According to the official website of the Executive Office of Public Safety, there is one Level 3 sex offender in Lynnfield, while there are six Level 3 sex offenders and one Level 2 sex offender in Wakefield.

The Citizens of Lynnfield Against the Rail Trail said it has several environmental concerns about the project. The group argues the project will have a negative impact on Reedy Meadow, Pillings Road conservation land and the Essex West Greenbelt land, which is accessible from Jordan Road.

The group has financial concerns as well, particularly maintenance costs such as picking up litter, trash and debris removal, weed and dust control, trail sweeping, sign replacement, and tree and shrub trimming.

The Citizens of Lynnfield Against the Rail Trail also oppose the project because it believes the trail will reduce property values, particularly homes owned by the rail trail’s abutters.
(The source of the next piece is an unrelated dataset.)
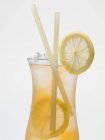 Склянка чаю з льодом зі скибочками лимона — стокове фото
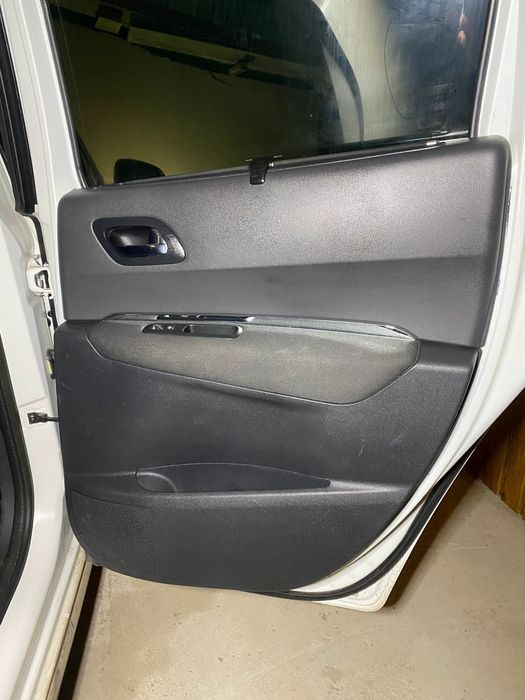 Пежо 3008 2014р 1.6тді 260км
Additionally, the group claims that the “long-term goal of this project is for the path to run through Lynnfield and eventually connect (through both Wakefield and Peabody) to a much larger network of bike and walking paths. These connected paths would span the entire east coast from Florida all the way to Canada.”

Long said members of the Recreational Path Committee plan to attend the Citizens of Lynnfield Against the Rail Trail’s meeting on Feb. 5 “to learn about their concerns.”
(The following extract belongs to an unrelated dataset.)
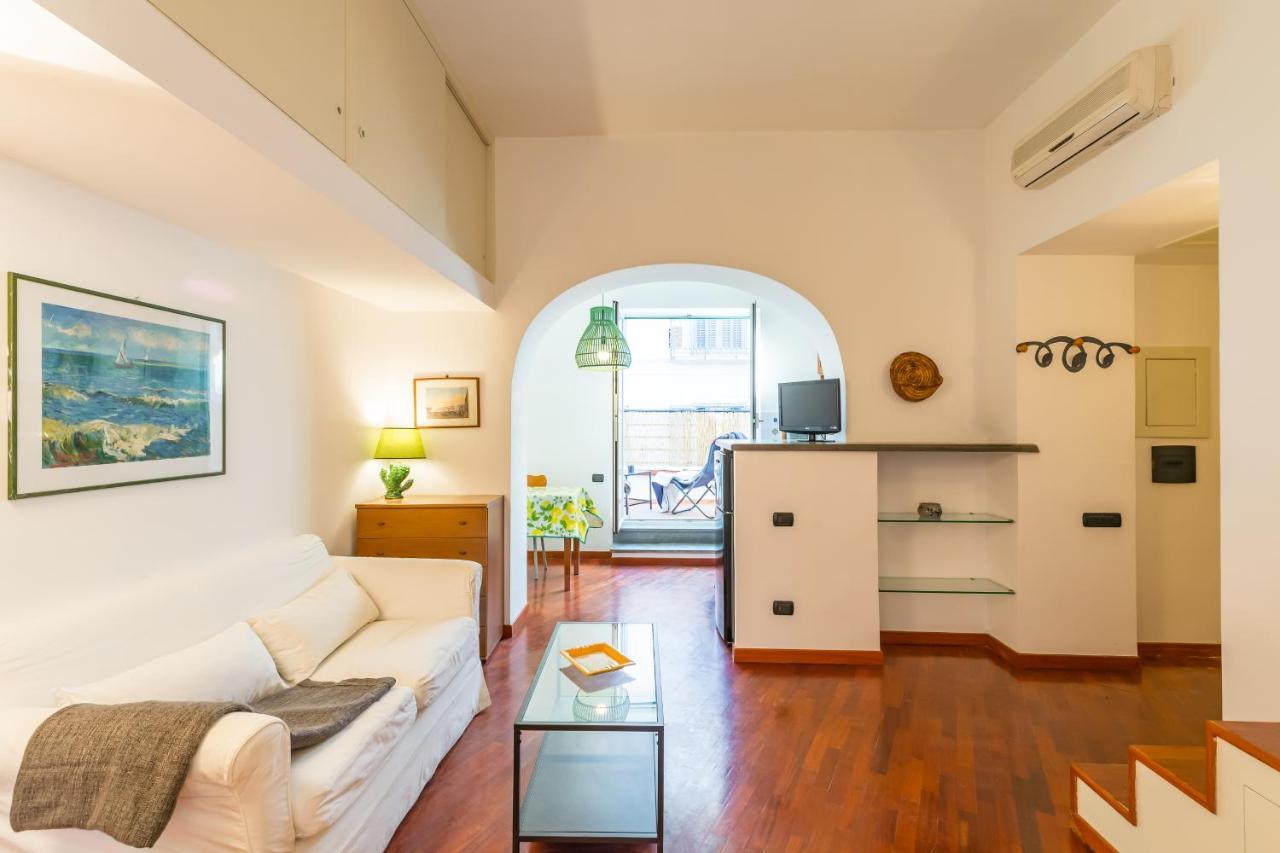 Parthenope'S Eye On The Seafront By Napoliapartments Εξωτερικό φωτογραφία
“It’s important that we hear both sides, but we want to keep it fact based,” said Long.

Long said the Recreational Path Committee has been “very transparent” about the rail trail project. She said committee members have reached out to abutters and said there will be plenty of opportunities for residents to weigh-in about road crossings, signage and parking. She also stressed the project includes fencing funding for abutters.

According to Long, the Recreational Path Committee is looking into holding a town-wide forum on the project in either February or March. A potential date has yet to be finalized.

“We really want people to help shape this project,” said Long. “We want to hear input from residents to make this project work for the town of Lynnfield.”